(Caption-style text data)
• • •

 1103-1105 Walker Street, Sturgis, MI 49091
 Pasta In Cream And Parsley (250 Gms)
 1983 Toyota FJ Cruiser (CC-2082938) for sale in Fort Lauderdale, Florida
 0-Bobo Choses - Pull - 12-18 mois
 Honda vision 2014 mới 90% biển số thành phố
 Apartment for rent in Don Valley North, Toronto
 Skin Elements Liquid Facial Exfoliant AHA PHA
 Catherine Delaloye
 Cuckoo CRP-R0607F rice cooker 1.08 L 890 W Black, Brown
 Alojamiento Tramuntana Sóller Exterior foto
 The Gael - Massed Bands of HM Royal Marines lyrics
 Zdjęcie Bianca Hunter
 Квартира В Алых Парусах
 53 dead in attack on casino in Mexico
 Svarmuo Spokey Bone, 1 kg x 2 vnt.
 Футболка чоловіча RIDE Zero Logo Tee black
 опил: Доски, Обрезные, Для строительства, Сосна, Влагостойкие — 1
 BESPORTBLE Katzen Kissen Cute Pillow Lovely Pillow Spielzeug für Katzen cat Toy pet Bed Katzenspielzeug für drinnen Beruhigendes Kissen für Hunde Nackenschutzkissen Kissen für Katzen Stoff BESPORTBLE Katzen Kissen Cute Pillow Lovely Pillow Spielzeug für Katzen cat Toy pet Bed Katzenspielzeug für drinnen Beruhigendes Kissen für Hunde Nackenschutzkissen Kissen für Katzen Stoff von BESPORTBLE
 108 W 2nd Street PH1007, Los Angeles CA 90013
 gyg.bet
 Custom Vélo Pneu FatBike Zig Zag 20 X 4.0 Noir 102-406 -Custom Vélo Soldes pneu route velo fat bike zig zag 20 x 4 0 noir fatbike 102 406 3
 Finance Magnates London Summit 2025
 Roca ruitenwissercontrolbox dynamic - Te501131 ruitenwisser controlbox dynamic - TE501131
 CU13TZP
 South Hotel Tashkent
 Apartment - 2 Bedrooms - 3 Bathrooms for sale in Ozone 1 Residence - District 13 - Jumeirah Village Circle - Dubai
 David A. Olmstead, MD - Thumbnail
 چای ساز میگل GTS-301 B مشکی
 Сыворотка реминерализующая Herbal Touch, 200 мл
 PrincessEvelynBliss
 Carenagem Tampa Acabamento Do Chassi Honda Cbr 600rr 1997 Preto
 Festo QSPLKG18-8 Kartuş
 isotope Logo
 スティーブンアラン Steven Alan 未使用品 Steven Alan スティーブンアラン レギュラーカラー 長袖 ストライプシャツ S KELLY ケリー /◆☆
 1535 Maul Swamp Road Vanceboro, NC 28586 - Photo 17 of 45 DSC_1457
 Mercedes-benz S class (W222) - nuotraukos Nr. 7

• • •

### Activity
The answer consists of the lines above that include the word "sale", each copied exactly.

### Result for this task
 1983 Toyota FJ Cruiser (CC-2082938) for sale in Fort Lauderdale, Florida
 Apartment - 2 Bedrooms - 3 Bathrooms for sale in Ozone 1 Residence - District 13 - Jumeirah Village Circle - Dubai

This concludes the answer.